Driving a large recreational vehicle around the country at his own expense, Davis said he doesn’t have name recognition or celebrity status, so he decided to meet members of the public on their own turf.
“We wanted to do something that sets the bar so high that the other Republican candidates couldn’t follow,” Davis said. “You know everybody in America is important to us, not just residents in Iowa and New Hampshire.”
The father of six grown children said he never has been involved in politics before; rather, he worked hard to build and maintain a home building business over 35 years. He said he bought his first lot when he was a high school junior and constructed his first home the year after he graduated. Davis said he never went to college but has been through the “school of hard knocks many times.”
Davis said his campaign was prompted when God spoke to his heart a year ago and he acted on that message. He said he can’t explain it and that it’s not something one really should go out and tell people, but it’s the truth. He devised a platform and a plan for his campaign that doesn’t change from town to town, he added.
The plan includes downsizing the federal government and shifting more control back to the states and communities, Davis said.
“Somehow, we’ve let the federal government run our lives for us,” Davis said, blaming strict regulations of the Environmental Protection Agency for harming American business.
Davis said he would work to make the country energy self-sufficient, to revive the housing industry, to encourage those manufacturing businesses that moved abroad to return to the U.S., and to impose tighter control of the borders to stop the flow of illegal aliens, drugs, guns and terrorists. He also would return the troops home and require immigrants to learn English.

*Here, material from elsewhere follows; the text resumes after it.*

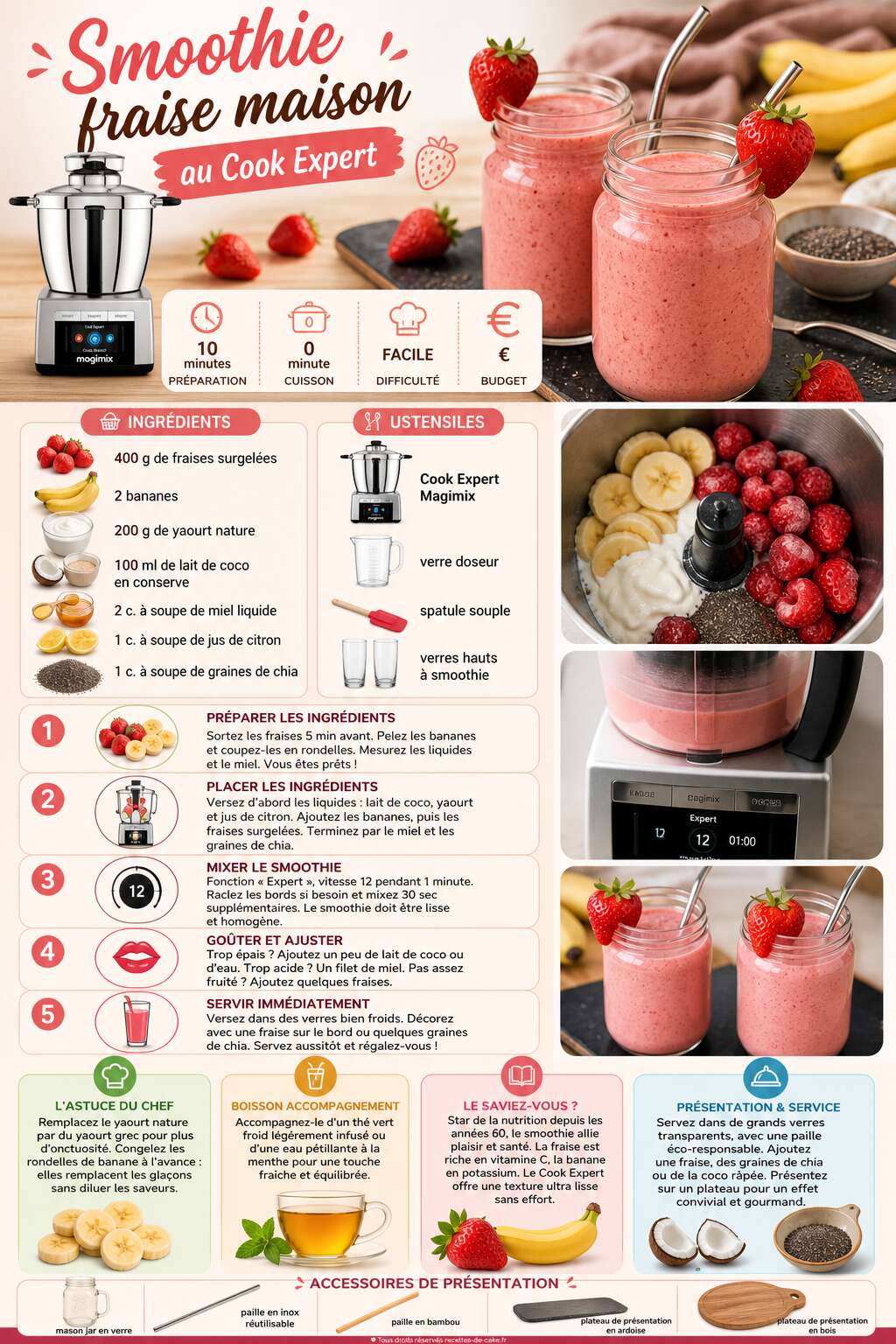 Fiche recette Smoothie fraise maison au Cook Expert Fiche recette Smoothie fraise maison au Cook Expert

“We’ve taken care of every country in the world. We pay them billions and billions of dollars to be our friend, which is not working, so we’ve got to bring the money back here, bring our troops back here and we’ve got to start taking care of America,” he said.
Davis is scheduled to stop in 10 Maine communities on Thursday: Cherryfield in Washington County, Ellsworth in Hancock County, Belfast in Waldo County, Rockland in Knox County, Wiscasset in Lincoln County, Bath in Sagadahoc County, Augusta in Kennebec County, Auburn in Androscoggin County, Portland in Cumberland County, and Alfred in York County.